* _DATA RECORDS_
######
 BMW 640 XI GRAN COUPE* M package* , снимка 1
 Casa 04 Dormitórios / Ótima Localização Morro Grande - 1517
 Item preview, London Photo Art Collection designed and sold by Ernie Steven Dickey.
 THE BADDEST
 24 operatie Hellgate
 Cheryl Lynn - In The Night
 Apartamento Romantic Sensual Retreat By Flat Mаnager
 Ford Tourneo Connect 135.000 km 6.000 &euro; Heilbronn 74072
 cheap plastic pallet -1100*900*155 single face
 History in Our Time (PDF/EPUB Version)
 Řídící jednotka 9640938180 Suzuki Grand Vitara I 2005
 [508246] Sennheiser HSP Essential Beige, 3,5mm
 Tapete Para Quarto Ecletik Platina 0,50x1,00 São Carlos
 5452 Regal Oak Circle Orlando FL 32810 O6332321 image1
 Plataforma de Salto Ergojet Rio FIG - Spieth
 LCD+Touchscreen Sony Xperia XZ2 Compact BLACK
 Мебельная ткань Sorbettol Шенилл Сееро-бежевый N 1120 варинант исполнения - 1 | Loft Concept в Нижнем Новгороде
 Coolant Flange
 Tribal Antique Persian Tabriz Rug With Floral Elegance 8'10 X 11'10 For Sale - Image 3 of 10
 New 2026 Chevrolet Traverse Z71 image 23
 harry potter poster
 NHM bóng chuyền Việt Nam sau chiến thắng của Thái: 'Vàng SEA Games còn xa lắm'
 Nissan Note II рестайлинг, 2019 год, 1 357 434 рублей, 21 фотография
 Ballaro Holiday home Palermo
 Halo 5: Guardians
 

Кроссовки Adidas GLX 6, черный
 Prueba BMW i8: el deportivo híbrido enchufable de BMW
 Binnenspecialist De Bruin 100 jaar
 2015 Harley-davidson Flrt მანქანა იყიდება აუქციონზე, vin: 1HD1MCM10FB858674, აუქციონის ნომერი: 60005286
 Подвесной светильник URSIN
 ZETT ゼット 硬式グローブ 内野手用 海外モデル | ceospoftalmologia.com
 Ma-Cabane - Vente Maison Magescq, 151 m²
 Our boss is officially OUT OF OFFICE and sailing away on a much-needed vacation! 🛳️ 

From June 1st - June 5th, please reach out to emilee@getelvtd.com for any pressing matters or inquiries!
######
* _TASK TO COMPLETE_
Out of the material above, output word for word the line with "THE BADDEST", the line with "cheap plastic pallet", and all lines between them, with nothing else.

* _SOLUTION FOR THIS TASK_
 THE BADDEST
 24 operatie Hellgate
 Cheryl Lynn - In The Night
 Apartamento Romantic Sensual Retreat By Flat Mаnager
 Ford Tourneo Connect 135.000 km 6.000 &euro; Heilbronn 74072
 cheap plastic pallet -1100*900*155 single face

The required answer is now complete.